Melnikov House, an iconic avant-garde building in central Moscow, is to become part of a new museum complex, the Ministry of Culture has announced. In the grounds of the house, built in 1929 by Konstantin Melnikov, a prolific avant-garde architect, painter and professor, a new museum will be built dedicated to his work and his painter son Viktor. The new museum, the construction date of which has not been announced, marks the latest chapter in a series of legal wranglings over the threatened building. Once completed, Melnikov House, a three-storey building with an innovative spiral construction, will host tours.

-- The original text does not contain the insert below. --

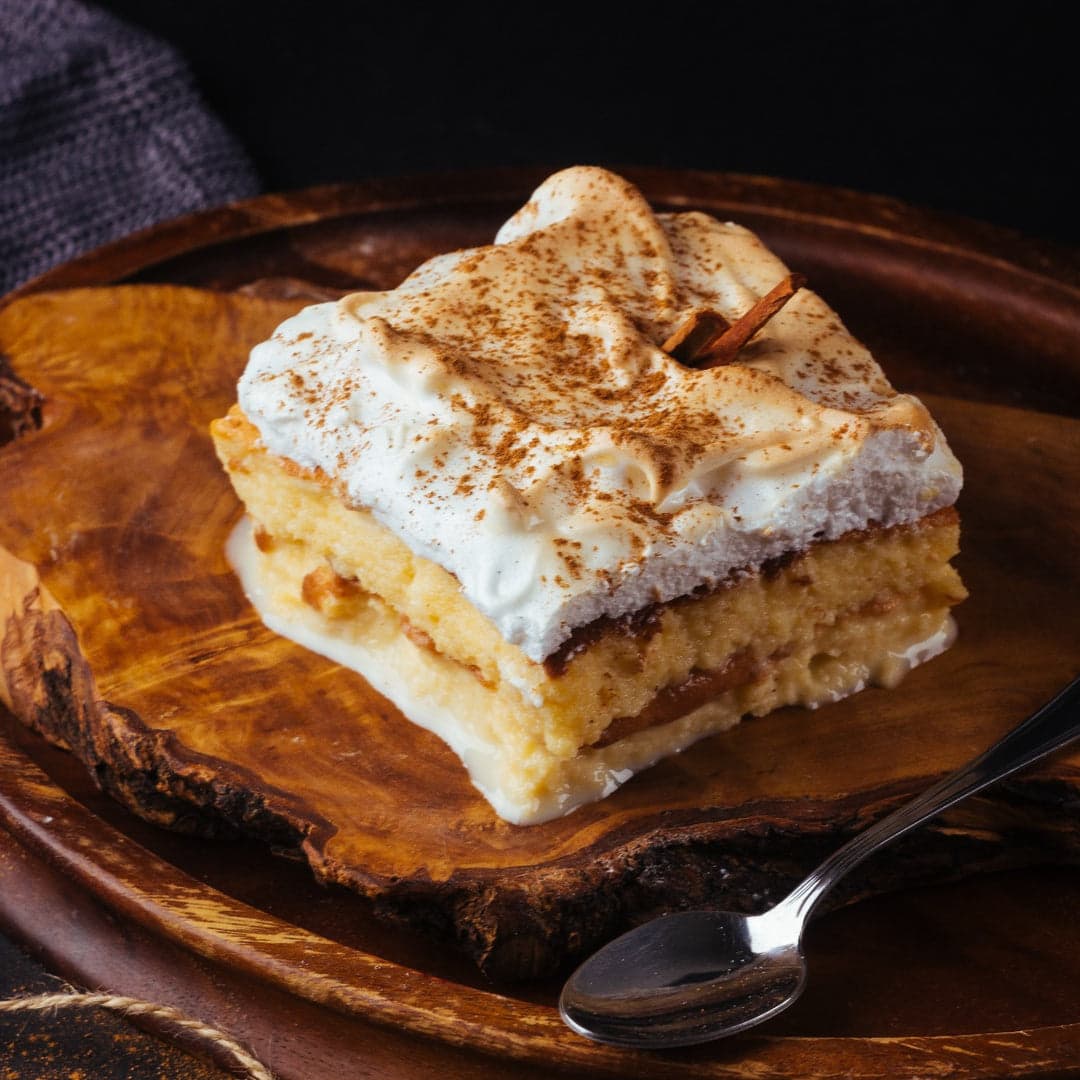 Café De Olla Tres Leches Perfume by Siren Song Elixirs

In the Twenties, Melnikov was celebrated as a great architectural pioneer who expressed a new Soviet vision. But his individualistic approach to his work eventually motivated the Soviet government to ban him from practising architecture, and from the Thirties, he was considered a national disgrace, making a living from low-paid jobs until his death in 1974. Melnikov House was built by the architect as his own home and remained an extremely rare example of private housing throughout the Soviet period.

Since then, the Melnikov house has been the object of a bitter feud between Viktor Melnikov’s two daughters. While Yekaterina Karinskaya is determined to carry out her father’s wish set out in his will, which intends the house to be passed to the state to become a museum, Yelena Melnikova remains resolute that at least part of the house is hers. Although the lawsuit regarding the ownership of the house has yet to be entirely resolved, it has been decided that the State Museum of Architecture owns half of the property and can continue with its plans to renovate the property and turn it into a museum.

The new museum will be an arm of the Museum of Architecture, which also has plans to incorporate the personal collection of art belonging to Viktor Melnikov. It will house more than 500 artefacts, and feature an authentic piece of the house’s original flooring, which was preserved during the restoration of the building in the late Nineties.

Melnikov House was damaged during the rebuilding of a neighbouring building with an underground car park, which threatened its foundations. Following pleas to the mayor of Moscow from Russian preservation organisation Archnadzor last year, an independent commission was set up to evaluate the condition of the house, resulting in a declaration of the need to preserve Melnikov House.